Der Artikel 1 des Übereinkommens nennt deshalb als Zweck, „den vollen und gleichberechtigten Genuss aller Menschenrechte und Grundfreiheiten durch alle Menschen mit Behinderungen zu fördern, zu schützen und zu gewährleisten und die Achtung der ihnen innewohnenden Würde zu fördern."

Das Übereinkommen verpflichtet die Vertragsstaaten, eine andere Denkweise im Umgang mit Belangen behinderter Menschen zu entwickeln: Vorurteile gegenüber Menschen mit Behinderung müssen bekämpft werden. Gesetze und Sitten, die Menschen mit Behinderung benachteiligen, müssen beseitigt werden.

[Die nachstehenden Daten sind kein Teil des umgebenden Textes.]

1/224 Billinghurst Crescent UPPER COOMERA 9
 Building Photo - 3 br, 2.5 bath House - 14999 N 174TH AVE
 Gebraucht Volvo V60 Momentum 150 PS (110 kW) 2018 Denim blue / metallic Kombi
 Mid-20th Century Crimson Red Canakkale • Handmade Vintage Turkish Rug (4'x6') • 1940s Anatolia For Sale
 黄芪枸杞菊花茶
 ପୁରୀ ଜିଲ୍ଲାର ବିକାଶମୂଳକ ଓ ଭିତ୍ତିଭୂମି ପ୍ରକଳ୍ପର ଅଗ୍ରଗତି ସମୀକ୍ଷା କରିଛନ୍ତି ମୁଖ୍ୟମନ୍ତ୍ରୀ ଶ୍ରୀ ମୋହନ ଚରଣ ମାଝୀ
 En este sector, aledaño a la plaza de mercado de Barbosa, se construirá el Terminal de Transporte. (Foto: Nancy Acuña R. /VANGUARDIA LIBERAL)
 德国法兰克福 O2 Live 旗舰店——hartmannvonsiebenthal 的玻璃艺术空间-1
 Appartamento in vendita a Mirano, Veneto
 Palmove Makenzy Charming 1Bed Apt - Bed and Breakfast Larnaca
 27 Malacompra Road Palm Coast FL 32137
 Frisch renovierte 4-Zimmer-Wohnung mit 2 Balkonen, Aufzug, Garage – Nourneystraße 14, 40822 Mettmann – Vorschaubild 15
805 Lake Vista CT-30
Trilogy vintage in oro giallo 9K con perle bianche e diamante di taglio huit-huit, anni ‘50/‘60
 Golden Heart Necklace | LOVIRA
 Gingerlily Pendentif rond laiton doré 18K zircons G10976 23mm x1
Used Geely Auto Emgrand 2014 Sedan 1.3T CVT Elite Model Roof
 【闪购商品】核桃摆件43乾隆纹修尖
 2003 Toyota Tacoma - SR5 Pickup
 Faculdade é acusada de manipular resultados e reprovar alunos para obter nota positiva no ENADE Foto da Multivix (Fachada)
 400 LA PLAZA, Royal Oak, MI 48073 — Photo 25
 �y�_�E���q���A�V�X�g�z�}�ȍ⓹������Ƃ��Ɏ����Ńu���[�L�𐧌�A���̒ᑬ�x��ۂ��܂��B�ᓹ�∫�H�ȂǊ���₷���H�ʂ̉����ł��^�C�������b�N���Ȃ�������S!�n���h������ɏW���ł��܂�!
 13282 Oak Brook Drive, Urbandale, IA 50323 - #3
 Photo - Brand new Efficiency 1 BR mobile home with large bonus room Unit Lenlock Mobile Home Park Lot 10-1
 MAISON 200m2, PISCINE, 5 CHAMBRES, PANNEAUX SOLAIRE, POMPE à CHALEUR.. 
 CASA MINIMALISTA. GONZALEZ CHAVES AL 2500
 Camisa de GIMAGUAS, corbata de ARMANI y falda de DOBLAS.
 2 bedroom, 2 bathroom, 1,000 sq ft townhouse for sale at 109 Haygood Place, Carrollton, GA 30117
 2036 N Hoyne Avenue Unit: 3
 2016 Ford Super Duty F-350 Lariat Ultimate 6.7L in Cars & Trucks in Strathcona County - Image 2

Das Übereinkommen erkennt das Recht behinderter Menschen auf eine umfassende Teilhabe in allen Lebensbereichen an. Hierzu gehören das Recht auf

  • ein unabhängiges Leben außerhalb von besonderen Einrichtungen
  • eine eigene Familie
  • eine Beschäftigung
  • einen angemessen Lebensstandard
  • einen sozialen Schutz
  • den gleichen Zugang zu Bildung
  • die Teilhabe am öffentlichen und kulturellen Leben
  • den Schutz vor Gewalt, Ausbeutung und Missbrauch und
  • die Beseitigung der mehrfachen Diskriminierung von Frauen und Mädchen mit Behinderung

Die wohl größte Herausforderung bedeutet der Artikel 24 des Übereinkommens für das deutsche Bildungssystem. Er fordert von den Vertragsstaaten die Gewährleistung von „inclusive education" (in der englischen Fassung). In der deutschen Fassung wurde dies mit „integratives Bildungssystem" übersetzt. Zahlreiche Verbände sehen in einem „inklusiven Bildungssystem" eine wichtige Weiterentwicklung der Integration und kritisieren die Übersetzung. Unabhängig von dieser Auseinandersetzung wird das Problem deutlich: 2006 wurden von allen Kindern und Jugendlichen mit Behinderung in Deutschland nur 15,7 Prozent integrativ unterrichtet. Es bleibt deshalb viel zu tun.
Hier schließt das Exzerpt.